Der Streik in der traditionsreichsten ostdeutschen Schokoladenfabrik Zetti in Zeitz geht in die vierte Woche. Steffi Drescher ist eine „im Ausstand“, wie Wolfgang Sablotny es formuliert. Der Verkaufsleiter wurde mit dem Streik zum Sprecher der Geschäftsleitung der Goldeck Süßwaren GmbH Leipzig gekürt. Zetti gehört zu Goldeck. Seitdem nun 40 Saisonkräfte und sieben festangestellte Mitarbeiter begonnen haben, vor dem Werkstor höhere Löhne zu fordern, begrüßt Sablotny allmorgendlich jene Hälfte der Belegschaft, die weiter an die Arbeit geht, mit Handschlag und dem Versprechen, die Schicht mit 50 Mark extra zu vergüten. Steffi Drescher grinst er an.

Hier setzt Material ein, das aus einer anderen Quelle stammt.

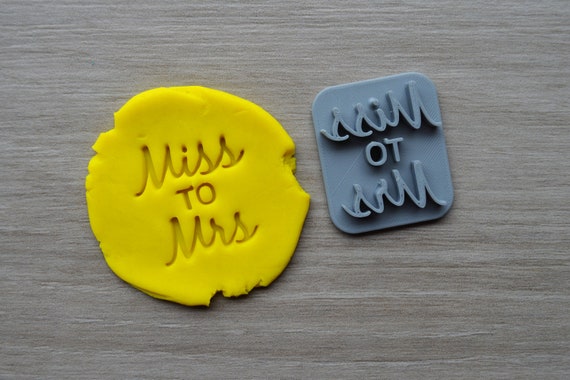 Miss to Mrs Imprint Font 3 Cookie/Fondant/Soap/Embosser Stamp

Früher hat sie als Stenotypistin gearbeitet, für gutes Geld, sagt sie, bis ihr die Zemag, eine Kranbaufirma, nach dem Mutterurlaub kündigte. Jetzt ist sie im dritten Jahr als Saisonkraft bei Zetti. Jeweils neun Monate lang hat die 31jährige Gelee-Bananen, schokolierte Nüsse und Rosinen verpackt, das meiste für Holland, „Knusperflocken“ für die neuen Bundesländer. Von morgens um fünf bis nachmittags um zwei. Verdient hat sie damit 1.577 Mark brutto. Das sind knapp 900 Mark im Monat auf die Hand und nach Gewerkschaftsangaben rund 1.000 Mark weniger als in der westdeutschen Süßwarenindustrie. Selbst 2.285 Mark brutto, die den Festangestellten bei Zetti durchschnittlich gezahlt werden, liegen deutlich unter dem, was Beschäftigte woanders wie zum Beispiel bei Halloren in Halle verdienen. „Wir wären schon mit 120 Mark mehr im Monat zufrieden“, sagt Steffi Drescher. „Viele von uns sind alleinerziehend. Da reicht es oft nicht für das Nötigste.“

Steffi Drescher gehört zu den Menschen in den neuen Ländern, die sich entschuldigen, die das Gewissen plagt, weil ihr Mann noch Arbeit hat, weil es ihnen „so schlecht nicht geht“ und sie nach Tunesien in den Urlaub fahren konnten. Warum sie überhaupt streike, haben Nachbarn gemeint, die meisten hätten gar keinen Job. Nicht mal einen, mit dem man sich von Juni, wenn bei Zetti die Weihnachtsproduktion beginnt, bis zum März des nächsten Jahres, wenn die Süßigkeiten für Ostern fertig sind, über die Runden hangeln kann.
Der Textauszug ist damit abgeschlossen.